--- Work item ---
Nothing but the lines from the one with "Westport's Second Selectwoman" through the end of the data should be set down, each exactly as written, and no picture should be included.

--- Data shown ---
----
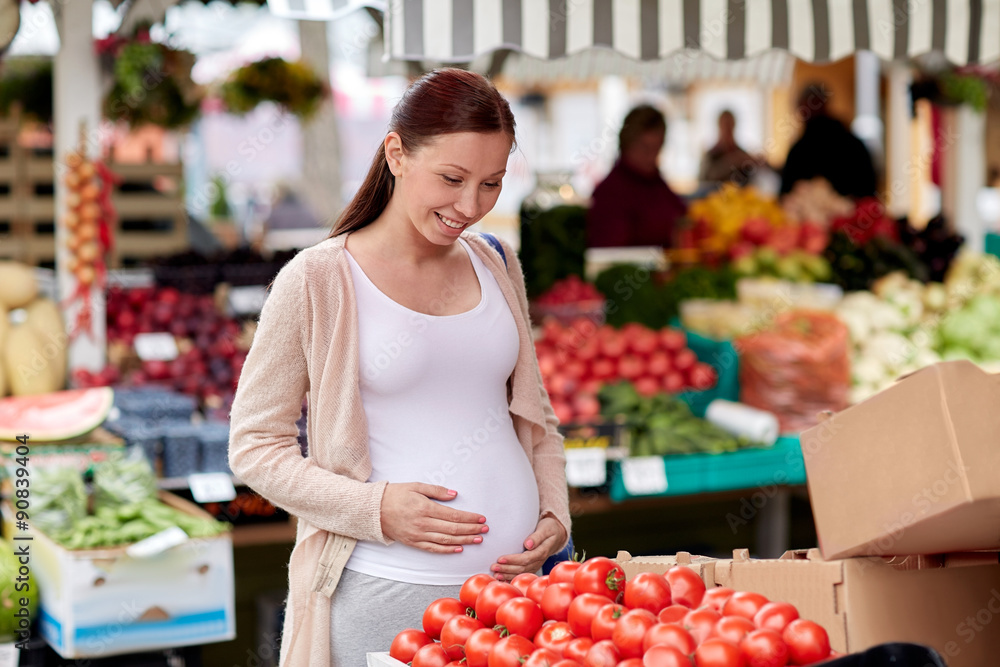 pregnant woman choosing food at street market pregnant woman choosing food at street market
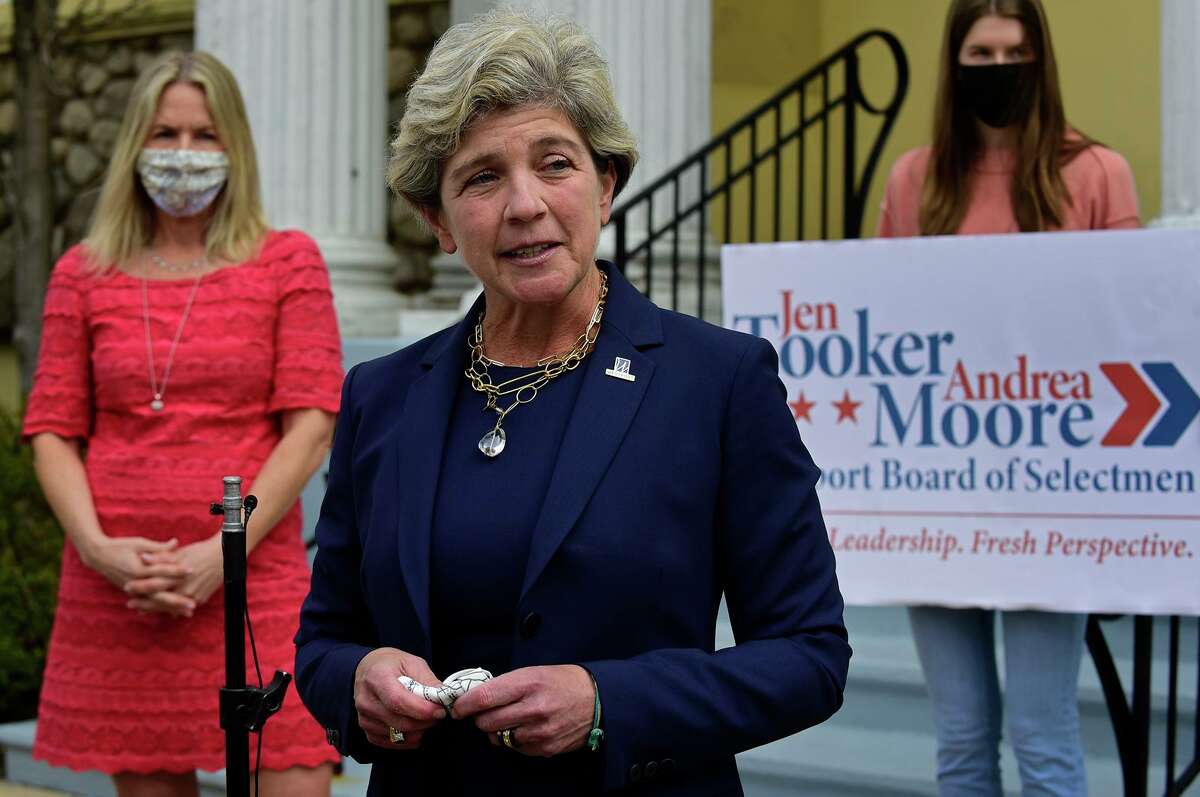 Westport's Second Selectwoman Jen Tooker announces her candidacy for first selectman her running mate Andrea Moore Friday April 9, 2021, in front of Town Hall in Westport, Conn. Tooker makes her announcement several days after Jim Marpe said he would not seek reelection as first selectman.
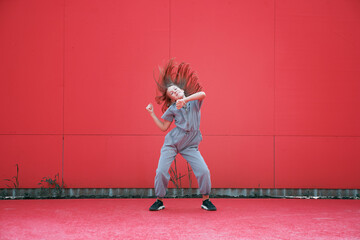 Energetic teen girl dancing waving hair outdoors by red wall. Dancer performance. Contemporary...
----
--- Solution to the exercise ---
 Westport's Second Selectwoman Jen Tooker announces her candidacy for first selectman her running mate Andrea Moore Friday April 9, 2021, in front of Town Hall in Westport, Conn. Tooker makes her announcement several days after Jim Marpe said he would not seek reelection as first selectman.
 Energetic teen girl dancing waving hair outdoors by red wall. Dancer performance. Contemporary...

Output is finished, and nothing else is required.